Winner of the Barondess/Lincoln Award from The Civil War Round Table of New York

“Fascinating reading. . .this book eerily reflects some of today’s key issues.” – The New York Times Book Review

 
From an award-winning historian, an engrossing look at how Abraham Lincoln grappled with the challenges of leadership in an unruly democracy

An awkward first meeting with U.S. Army officers, on the eve of the Civil War. A conversation on the White House portico with a young cavalry sergeant who was a fiercely dedicated abolitionist. A tense exchange on a navy ship with a Confederate editor and businessman.

In this eye-opening book, Elizabeth Brown Pryor examines six intriguing, mostly unknown encounters that Abraham Lincoln had with his constituents. Taken together, they reveal his character and opinions in unexpected ways, illustrating his difficulties in managing a republic and creating a presidency. Pryor probes both the political demons that Lincoln battled in his ambitious exercise of power and the demons that arose from the very nature of democracy itself: the clamorous diversity of the populace, with its outspoken demands. She explores the trouble Lincoln sometimes had in communicating and in juggling the multiple concerns that make up being a political leader; how conflicted he was over the problem of emancipation; and the misperceptions Lincoln and the South held about each other. Pryor also provides a fascinating discussion of Lincoln’s fondness for storytelling and how he used his skills as a raconteur to enhance both his personal and political power.

Based on scrupulous research that draws on hundreds of eyewitness letters, diaries, and newspaper excerpts, Six Encounters with Lincoln offers a fresh portrait of Lincoln as the beleaguered politician who was not especially popular with the people he needed to govern with, and who had to deal with the many critics, naysayers, and dilemmas he faced without always knowing the right answer. What it shows most clearly is that greatness was not simply laid on Lincoln’s shoulders like a mantle, but was won in fits and starts.

Product Details

ISBN-13: 9780143111238
Publisher: Penguin Publishing Group
Publication date: 02/06/2018
Pages: 496
Product dimensions: 5.40(w) x 8.30(h) x 1.20(d)

About the Author

Elizabeth Brown Pryor (1951–2015) combined careers as an award-winning historian and a senior diplomat in the American Foreign Service. She was the author of the biography Clara Barton: Professional Angel, considered the authoritative work on the founder of the American Red Cross, and Reading the Man: A Portrait of Robert E. Lee Through His Private Letters, which won the 2008 Lincoln Prize, the 2007 Jefferson Davis Award, the 2008 Richard B. Harwell Book Award, and the 2007 Richard S. Slatten Award for Excellence in Virginia Biography.

Read an Excerpt

1. A WARY HANDSHAKE

Of course it was a dismal day. The sky was as leaden as the national mood. Washington, D.C., had suffered incessant storms that winter, and on March 12, 1861, the roads were sticky with mud from the latest squall. Nervous residents could not help comparing the gloomy weather to the turbulent politics threatening the country. Seven Southern states had left the Union since the election of Abraham Lincoln, forming a new Confederate States of America. The outgoing Buchanan administration had only halfheartedly defended federal property against the secessionists, and efforts to find a peaceful resolution to the crisis were faltering. Now it appeared that the new government was following the same uncertain path. “We are a weak, divided, disgraced people, unable to maintain our national existence,” the Republican magnat eGeorge Templeton Strong wrote in alarm. The New York Herald agreed. It was a “deplorable state of affairs,” complained its editors. “All joy, all hope, is fled.”

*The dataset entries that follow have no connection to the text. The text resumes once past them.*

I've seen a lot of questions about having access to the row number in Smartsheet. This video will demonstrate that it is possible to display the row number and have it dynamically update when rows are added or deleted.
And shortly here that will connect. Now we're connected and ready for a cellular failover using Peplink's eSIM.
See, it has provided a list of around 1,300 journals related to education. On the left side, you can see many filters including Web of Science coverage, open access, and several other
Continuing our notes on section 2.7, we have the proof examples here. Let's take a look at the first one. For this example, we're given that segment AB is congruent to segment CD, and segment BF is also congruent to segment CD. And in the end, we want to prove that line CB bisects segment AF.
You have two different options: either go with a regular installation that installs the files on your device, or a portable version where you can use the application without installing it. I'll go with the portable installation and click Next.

Against this dreary backdrop a curious apparition appeared about midday. At the stolid, neoclassical War Department a large group of military officers in full-dress uniform was assembling, their gold-crested buttons and vivid sashes piercing the dull light. Falling into two columns, they lined up behind Secretary of War Simon Cameron and Lieutenant General Winfield Scott, the Army’s venerable chieftain. In perfect formation, they marched to the Executive Mansion along the tree-lined footpath that connected the two buildings. At the door Scott himself solemnly rang the bell. The United States Army had come to call on its new commander in chief.

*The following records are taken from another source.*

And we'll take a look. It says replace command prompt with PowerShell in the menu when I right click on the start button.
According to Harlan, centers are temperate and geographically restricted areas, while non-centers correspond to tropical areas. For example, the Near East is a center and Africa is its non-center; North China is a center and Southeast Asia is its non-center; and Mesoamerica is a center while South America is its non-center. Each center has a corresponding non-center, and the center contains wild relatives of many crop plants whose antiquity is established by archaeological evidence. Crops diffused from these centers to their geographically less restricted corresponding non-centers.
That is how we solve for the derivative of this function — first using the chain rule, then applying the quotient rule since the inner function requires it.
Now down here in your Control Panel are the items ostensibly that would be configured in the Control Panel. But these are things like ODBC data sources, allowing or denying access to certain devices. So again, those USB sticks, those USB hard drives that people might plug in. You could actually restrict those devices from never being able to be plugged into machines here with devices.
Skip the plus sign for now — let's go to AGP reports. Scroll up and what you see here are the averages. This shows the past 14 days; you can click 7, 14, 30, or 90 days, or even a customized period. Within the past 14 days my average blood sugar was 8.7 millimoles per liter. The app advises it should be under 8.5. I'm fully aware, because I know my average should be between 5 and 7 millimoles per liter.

By one count, seventy-eight men paraded into the East Room. Such a large group overfilled the space and they began to snake around the perimeter in an undulating line. The officers were resplendent in dark blue frock coats, tall patent leather boots, gilt scabbards, and black-plumed hats. Set against the shabby yellow wallcovering of the “nation’s parlor,” their presence was all the more splendid. It was a “spectacular exhibition,” noted one of the company; another observert hought he had “never seen an equal number of such fine-looking men in uniform.” They stood at attention, kid-gloved fingers lightly pressing the stripes of their trousers, silently awaiting the President. After a few moments, Lincoln entered, accompanied by several cabinet members. Some officers had been influenced by newspaper accounts to expect an afternoon of jesting,and now they were surprised. The man before them was as clumsy as his descriptions, but his face was deadly serious.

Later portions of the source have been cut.